Quisiera responder a algunas de las sandeces y las mentiras que me dicen por Twitter. Pero cada vez que voy a buscar quién me lo dijo, me encuentro con alguien que no da su nombre.

En mi ranking de mentira y tontería lleva la delantera en estos días un tuitero que me llamó “libanés lesbiano” y sugirió que me regresara a hacer daño a mi país. Naturalmente, era un tuitero anónimo.

La plaga de las redes sociales es el anonimato. El anonimato facilita que se siembre en las redes lo peor que una sociedad puede sembrar en su opinión pública: el discurso del odio y la legitimidad de la ignorancia.
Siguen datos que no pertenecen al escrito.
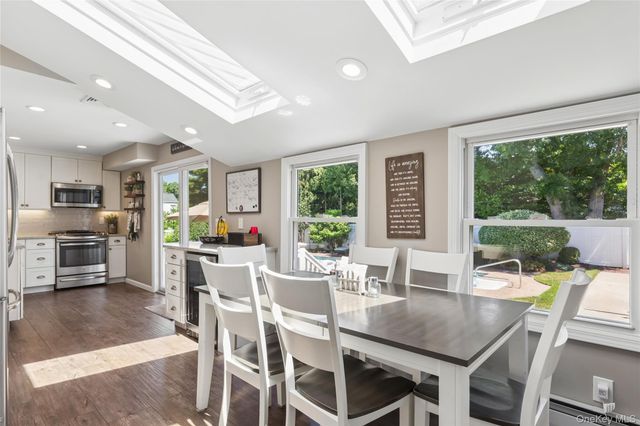 11 Barbara Road, Lake Ronkonkoma, NY 11779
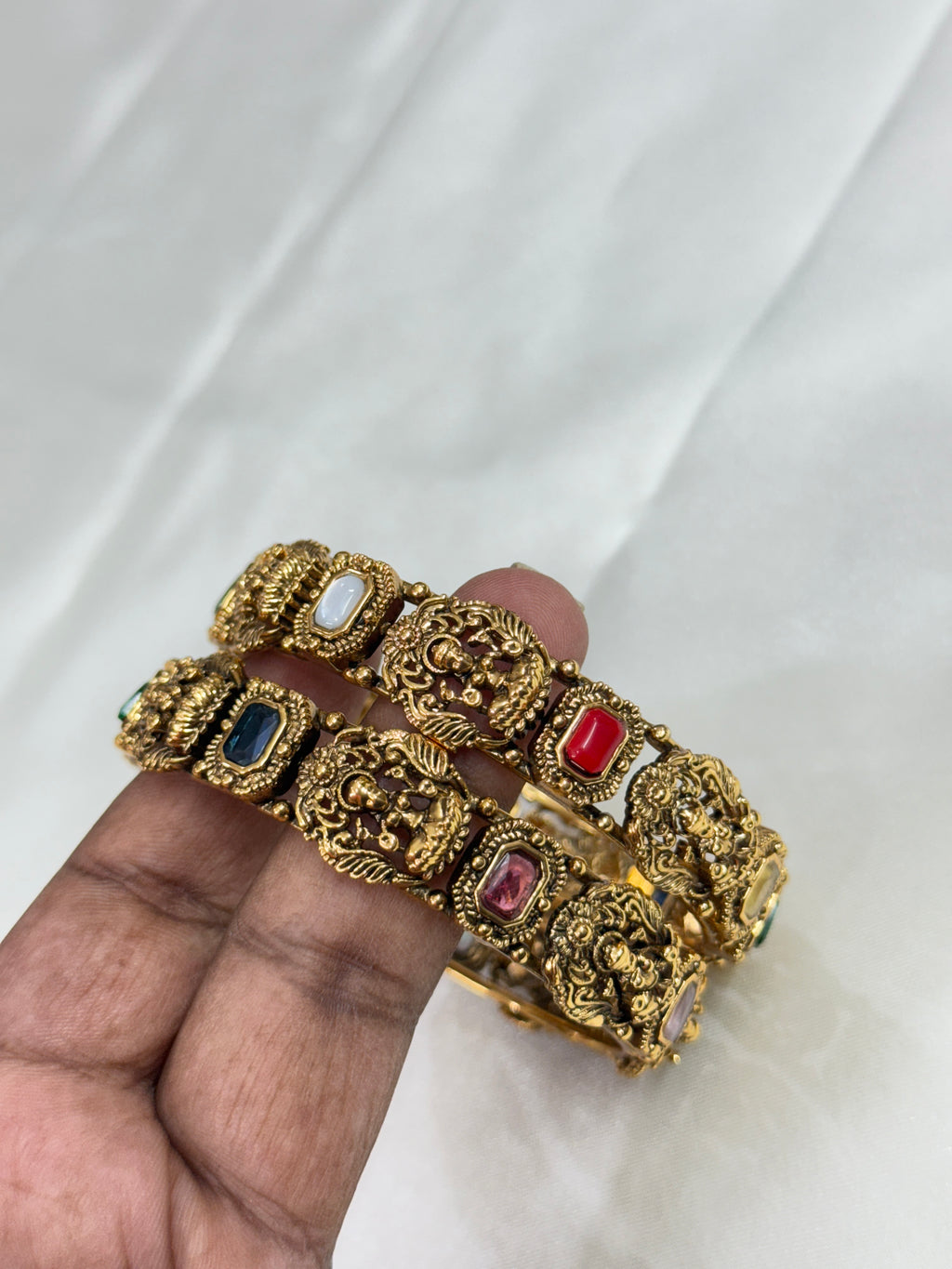 Sb107 Lakshmi Devi navarathan bangles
Quien habla con su nombre se responsabiliza de lo que dice. El anónimo es impune. Pero a los anónimos de las redes les molesta mucho que les digan anónimos. Defienden su derecho al anonimato y a la impunidad.

Muchos creen que el anonimato es una forma de su libertad de expresión. Otros, que esa es la opción realmente democrática de las redes sociales: poder echar ahí lo que a uno se le ocurra sin medida ni costo alguno.

No hablo aquí de los bots, porque esos forman una entidad aparte: son los instrumentos de quienes se dedican a enturbiar las redes a favor de su causa.

Hablo del discurso del odio, que es el que me preocupa, porque el discurso del odio se alimenta de los que odian, y los que odian se alimentan mutuamente porque tienen en común creer que el digno de ser odiado es el otro.

El odio es un sentimiento bélico, el último de los sentimientos que necesita una democracia.